NHL Expansion Process Moves Forward

The July 20 deadline has come and gone for stage one of the NHL expansion process, and the league has announced that, of the 16 application packets sent, only two applications have been submitted.

The two markets, Las Vegas under the Black Knights Sports and Entertainment LLC banner and Quebec City group Quebecer, surprised no one when it was revealed that they formally joined the running for addition to the league. What was surprising, and even somewhat disappointing, was the lack of a Seattle bid by the deadline.

Seattle has been a market that has been talked about as a future home for a team for quite a while, and it would be a perfect fit for a league looking to avoid realignment. However, with no arena in place and no true ownership group taking a lead, the dream of a Seattle NHL team had to die for the time being. Sure, a relocation to the market could happen, but that’s not going to be a topic for a while, if at all.

Commissioner Gary Bettman and the league offices now have to focus on the two groups that are pushing to join the ranks of the NHL. In a statement released by the league, the process that was decided up in regards to expansion was done to weed out the serious candidates from the pie in the sky hopefuls.

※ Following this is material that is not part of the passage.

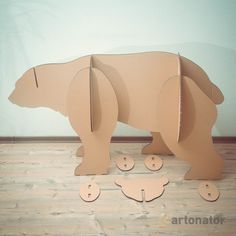 an animal made out of cardboard sitting on top of a wooden floor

Our purpose, in initiating the expansion process in the manner we did, was not only to explore the possibility of admitting new members to the NHL but also, at the outset, to set realistic guideposts to distinguish between bona fide expressions of interest (i.e., those which have at least substantial ownership capabilities and an arena or the realistic possibility of an arena) from those indications of potential interest which were, at best, merely hopes or aspirations. Apparently, only Mr. (Bill) Foley and Quebecor have the confidence in their ability to secure an arena and suitable ownership capability to move forward with this process.

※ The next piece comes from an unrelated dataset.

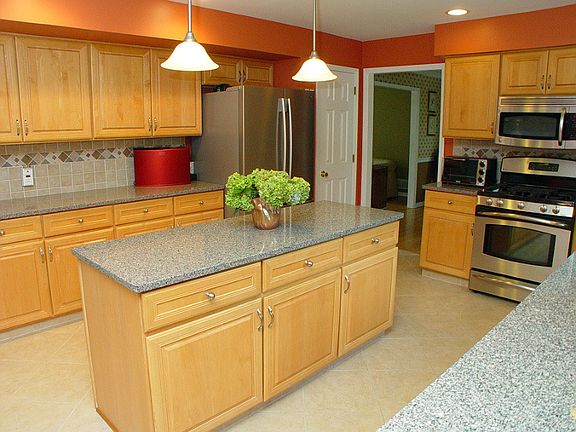 Updated kitchen with center island, granite counters, 42" cabinets, ceramic tile floor, GE profile oven/microwave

The reception of just two applications has to be a disappointment to the league as a whole, but what’s more disappointing may be that only one city in the west applied. The league wants to maintain a balance without having to realign once again, and if both Las Vegas and Quebec City join the league, it would be a 17-15 conference alignment as it stands. That being said, again, a relocation of a team could happen, but that’s banking on something that is nowhere even close to becoming a reality. Besides, no other talk of teams in different markets will happen until this process finishes.

The next step in the three-part application process involves more document submission and review around August 10. The final phase of expansion application submissions are due September 4. After all phases are completed, the proposals will be presented to the NHL’s Board of Governors just before the start of the season in late September.

When it comes to arenas, Quebec City has the Videotron Centre, which just finished construction and will host a preseason game between the Montreal Canadiens and Pittsburgh Penguins in September;Las Vegas’ new arena is located directly on the strip, and will open in the spring of 2016. Should both teams be approved for expansion, it would be for the 2017-18 season, at the earliest, according to comments from deputy commissioner Bill Daly in June.

The league did announce that no future comments on the process will be made unless something worth announcing comes along.